* [WHAT THE EXERCISE ASKS]: Locate the line that contains "this 1200×600 image." in the data that follows. Copy it and every subsequent line to the end, exactly, excluding pictures.

* [INFORMATION SUPPLIED]:
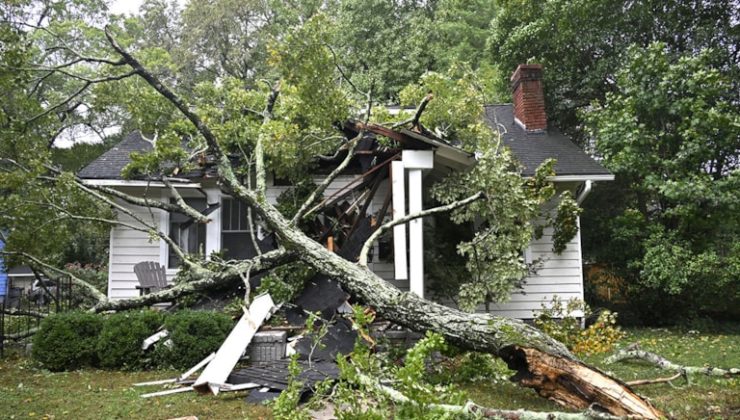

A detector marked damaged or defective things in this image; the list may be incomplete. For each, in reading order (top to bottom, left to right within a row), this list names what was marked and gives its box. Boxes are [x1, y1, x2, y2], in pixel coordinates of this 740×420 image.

damaged roof [482, 106, 608, 178]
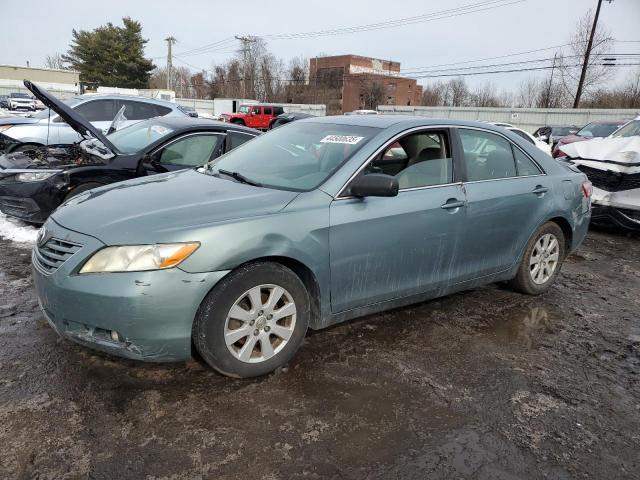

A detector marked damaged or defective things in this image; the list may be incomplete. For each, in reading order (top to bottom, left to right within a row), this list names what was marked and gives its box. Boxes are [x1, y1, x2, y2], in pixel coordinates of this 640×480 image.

wrecked vehicle [0, 82, 260, 223]
wrecked vehicle [560, 117, 640, 231]
damaged front bumper [31, 219, 230, 362]
wrecked vehicle [33, 117, 592, 378]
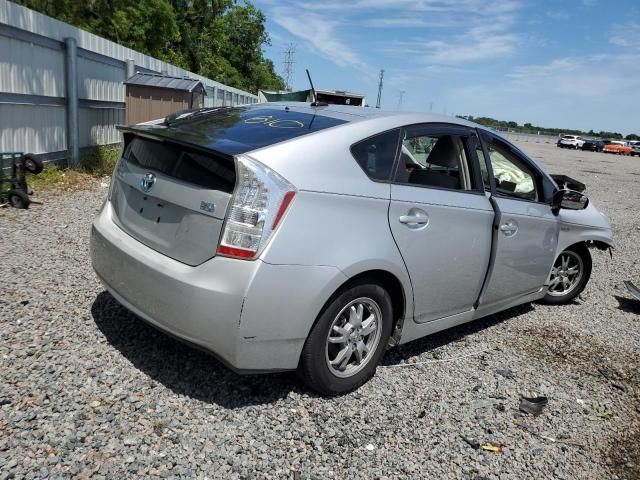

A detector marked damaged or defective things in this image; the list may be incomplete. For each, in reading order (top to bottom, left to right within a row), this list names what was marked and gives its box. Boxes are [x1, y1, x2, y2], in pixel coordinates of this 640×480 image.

wrecked vehicle [90, 105, 616, 394]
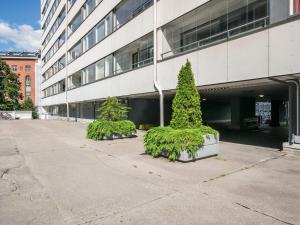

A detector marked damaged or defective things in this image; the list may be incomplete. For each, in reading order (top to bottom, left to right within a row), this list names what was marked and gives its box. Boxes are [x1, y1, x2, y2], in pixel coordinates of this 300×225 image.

crack in pavement [203, 153, 288, 183]
crack in pavement [234, 202, 296, 225]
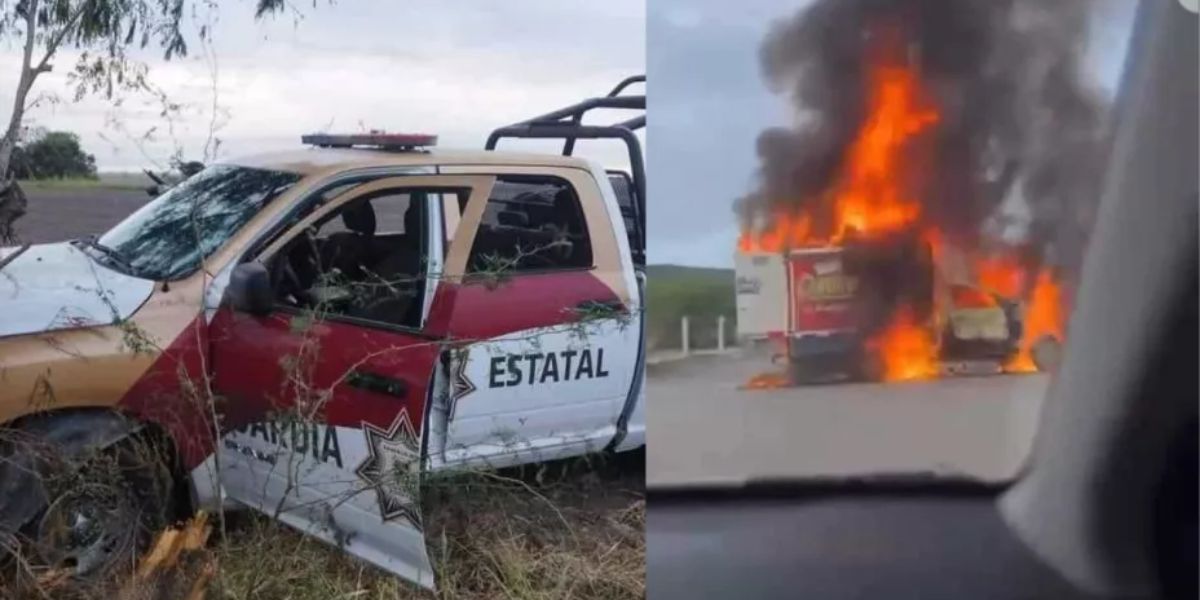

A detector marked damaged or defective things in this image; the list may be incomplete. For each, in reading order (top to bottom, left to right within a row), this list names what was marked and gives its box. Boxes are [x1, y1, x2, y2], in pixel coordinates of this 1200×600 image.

shattered windshield [97, 164, 300, 280]
damaged police pickup truck [0, 77, 648, 588]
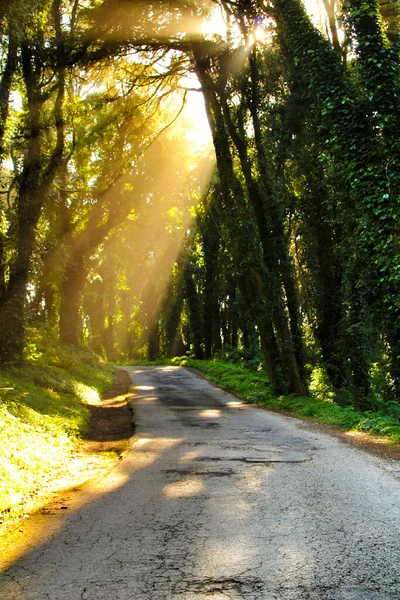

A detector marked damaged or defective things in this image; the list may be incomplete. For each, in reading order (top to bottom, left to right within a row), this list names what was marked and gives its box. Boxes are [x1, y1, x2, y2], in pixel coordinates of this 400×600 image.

cracked asphalt [0, 366, 400, 600]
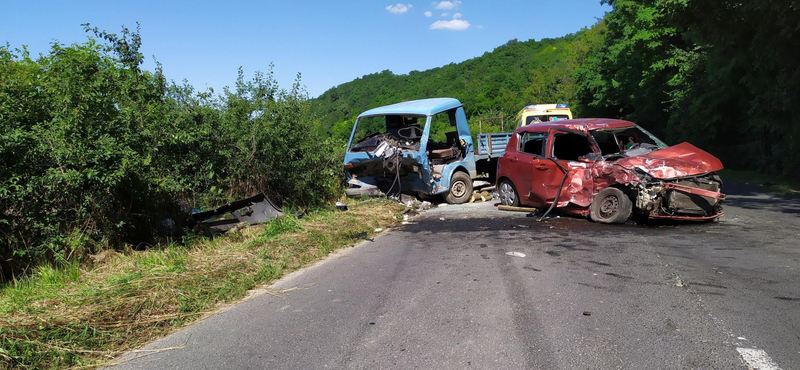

* [ANSWER FOR THE TASK]:
A detector marked damaged or defective things in this image; the list may be incomplete. For each, in reading order (top to bottom, left to right within a row), this list names what was marked and gives its box. Boxes are [x1, y1, x2, y2], in pixel coordinates of this 1200×600 image.

shattered windshield [97, 164, 300, 280]
damaged police pickup truck [0, 77, 648, 588]

A detector marked damaged or defective things in this image; the list may be incomplete. For each, in reading order (top to bottom, left to right within a row), this list names what was marked and gives its box. Boxes are [x1, y1, x2, y2], in pixel coordinates of this 400×600 image.

cracked asphalt [0, 366, 400, 600]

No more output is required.